This article is not intended for the folks who'd like to have less debt—or no debt—this article is for people who are in real trouble, those who may be thinking of bankruptcy, and for others who may not yet know they have too much debt but find that their credit card balances are consistently heading in the wrong direction.
If you can't make all of your payments each month without borrowing on your credit cards, you should be thinking seriously about how to get out of debt.
Your short-run goal is to get your debts sized to fit your income so that you can make all of your payments each month without borrowing more money. Most people find that they can do this if their total monthly debt obligation (including rent) is less than 40% of their gross income.
Follow these simple steps to get yourself back in control
Make a list of your debts.
Make a list of your assets. Be thorough.
Put an asterisk next to each of the assets with a debt attached (your house likely has a mortgage, your car likely has a loan attached).
If you have investments on your list of assets, consider using them to pay down the highest interest rate loans—probably credit cards. Talk to a tax advisor before using money from your IRA or 401k.
Sell your grown up toys. Think about boats, RVs, ATVs, motorcycles and other things you put gas in but don't drive to work each day. Often worth thousands of dollars, these sorts of assets can be sold to pay down consumer debts. These toys also cost money to insure and use, putting pressure on your budget. Sell the toys and rent some when you can afford it.
Have a yard sale or garage sale to get rid of all of the stuff you don't use that takes up space and that has value. Use the proceeds to reduce your debt.

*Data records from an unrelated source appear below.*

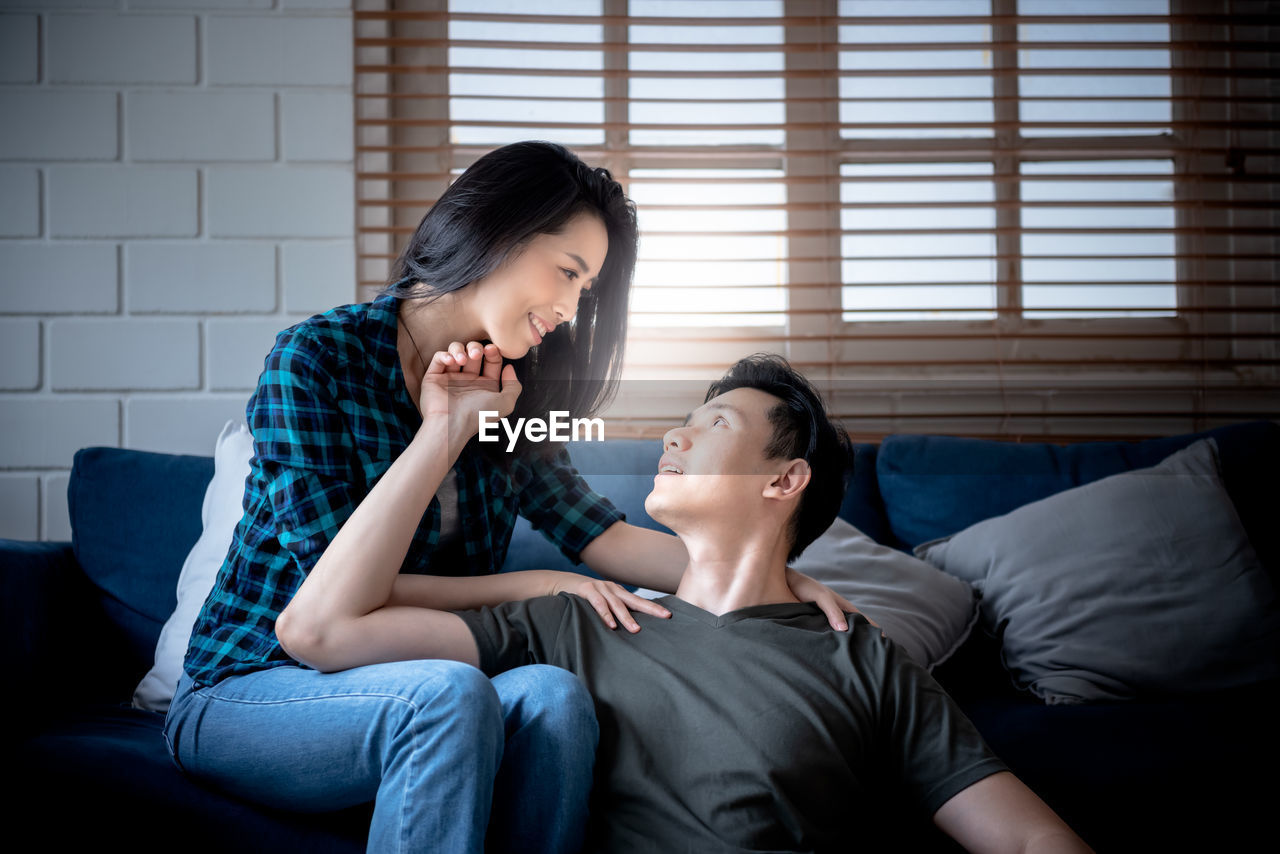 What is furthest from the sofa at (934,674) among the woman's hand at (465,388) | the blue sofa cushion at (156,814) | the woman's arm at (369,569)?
the woman's hand at (465,388)

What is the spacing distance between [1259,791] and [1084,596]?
398 millimetres

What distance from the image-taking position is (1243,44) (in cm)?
213

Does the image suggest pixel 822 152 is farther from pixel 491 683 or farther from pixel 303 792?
pixel 303 792

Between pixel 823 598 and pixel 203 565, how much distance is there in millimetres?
1048

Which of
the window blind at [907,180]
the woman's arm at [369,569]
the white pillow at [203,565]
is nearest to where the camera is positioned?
the woman's arm at [369,569]

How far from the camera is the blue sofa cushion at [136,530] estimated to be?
1.62m

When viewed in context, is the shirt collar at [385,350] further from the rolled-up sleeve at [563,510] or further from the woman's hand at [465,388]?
the rolled-up sleeve at [563,510]

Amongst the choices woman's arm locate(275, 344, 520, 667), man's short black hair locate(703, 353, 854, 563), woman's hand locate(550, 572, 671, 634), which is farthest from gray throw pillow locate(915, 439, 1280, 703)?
woman's arm locate(275, 344, 520, 667)

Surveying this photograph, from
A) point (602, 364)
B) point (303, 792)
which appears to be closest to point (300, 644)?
point (303, 792)

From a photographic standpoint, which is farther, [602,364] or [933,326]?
[933,326]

If you have a car with a car loan, sell it (if you can) to pay off the loan and buy a clunker for cash. Better still, sell the car, pay off the loan and take public transportation. The monthly saving will be huge.
Finally, if you own a home with a mortgage smaller than the value of the home, you can consider selling your home and buying a smaller one with a smaller mortgage. Chances are, this will come with the benefit of new neighbors who drive less expensive cars and take less exotic vacations, relieving you of some of the pressure you may have been feeling to keep up with the Joneses.
If these steps don't get your debt under control, you may be a candidate for help from a consumer credit counseling service, or even bankruptcy. To avoid those steps, you may wish to approach your lenders on your own to ask for relief. Some may be willing to work with you to reduce payments, because if you declare bankruptcy they will probably get even less.
Once you have your debt down to a manageable size, set a goal to get completely out of debt by committing to paying off your smallest debts first and then your larger ones. It will take time, but one day you really will be debt-free.